Черняк посмотрел на Катю, сонный изгиб стройного тела пленил его на мгновение ярким контрастом влекущей женственности с неряшливым полутемным подвалом, где золото и опасность, лишения и достаток мешались в пестром калейдоскопе.
Сложнейшие движения духа роились в нем сильно и гармонично, сразу открывая настоящий, единственный выход в мировой простор, по отношению к которому трое спящих вокруг него людей делались чем-то вроде тюремных замков.

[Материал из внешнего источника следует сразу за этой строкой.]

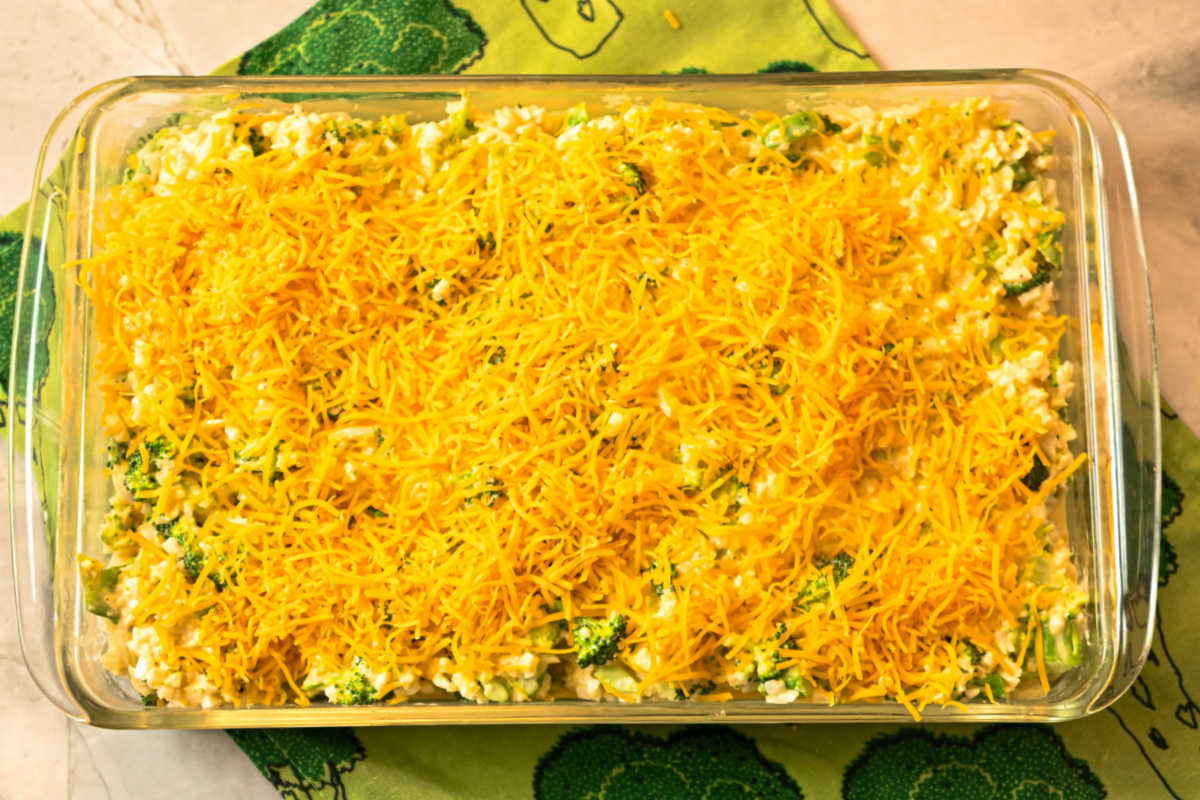 Keto Chicken Broccoli Cauliflower Rice Casserole · Fittoserve Group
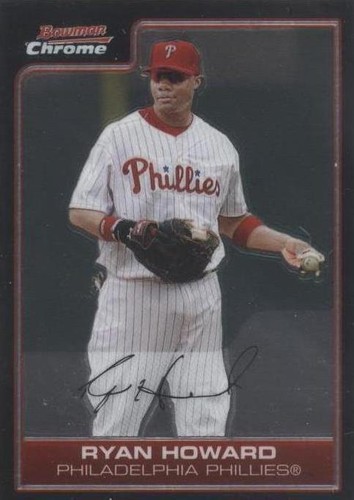 2006 Bowman Chrome - Ryan Howard #57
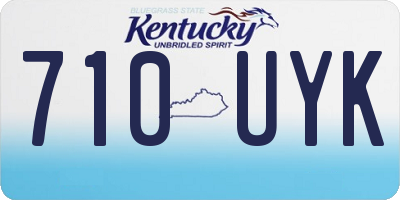 KY license plate 710UYK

Черняк не мог, не в силах был представить, что будет дальше; ничего такого, что могло бы служить достойным продолжением пережитой страницы жизни, не видел он в этих четырех стенах, покрытых случайными коврами, ободранной штукатуркой и плесенью.
Все спали. Момент был удобен как нельзя более; уйти – без разговоров и сожалений, расспросов и остановок.
Куда? На момент Черняк остановился, стараясь зажать в стальной кулак мысли цветущий земной шар, где много места для нетерпеливых движений радости.
Черняк потер лоб и вдруг зажмурился, охваченный жгучим светом простой и ясной, как нагой человек, истины:
«Неизмеримо огромна жизнь. И место дает всякому, умеющему любить ее больше женщины, самого себя и короткого тупого счастья».
Черняк надел шляпу. Дверь скрипнула. Уходя, он бессознательно оглянулся, как это делает всякий, покидающий приютившее его место. Но в комнате уже не было сна: с кровати, приподняв взлохмаченную пушистую голову, смотрела на него девушка.
– Куда вы? – спросила она тоном вежливой, случайной необходимости. Глаза ее смыкались и размыкались; она ждала незначительного ответа, после которого можно опять уснуть.
– Прощайте! – сказал Черняк, улыбаясь так легко и безобидно, как будто выходил на минутку. – Я ухожу, и совсем. Кланяйтесь Шмыгуну.
Мгновение, и Катя стояла перед ним с тревожным выражением на пунцовом от крепкого сна лице.
Вопросы срывались с ее губ быстро и бестолково:
– Куда? Почему? Вы нашли другую квартиру? Вы больны? К доктору?
– Нет! – произнес Черняк, избегая ее глаз, тревожных и влажных, как темное вечернее поле. – Я ухожу пожить, потому что жил мало и потому, что больше здесь делать мне нечего.
Он насчитал еще сотню вопросов в ее лице, оторопевшем от неожиданности, и что-то похожее на просьбу, но уже не думал об этом.
Последняя мысль его была о том, что девушка эта красива, как песня, прозвучавшая на заре, и что много на земле красоты, дающей радость глазам и отдых сердцу, когда оно бьется медленней, усталое от истрепанных вожжей буден.
Он попытался улыбнуться еще раз так, чтобы слова сделались лишними, но не смог и махнул рукой.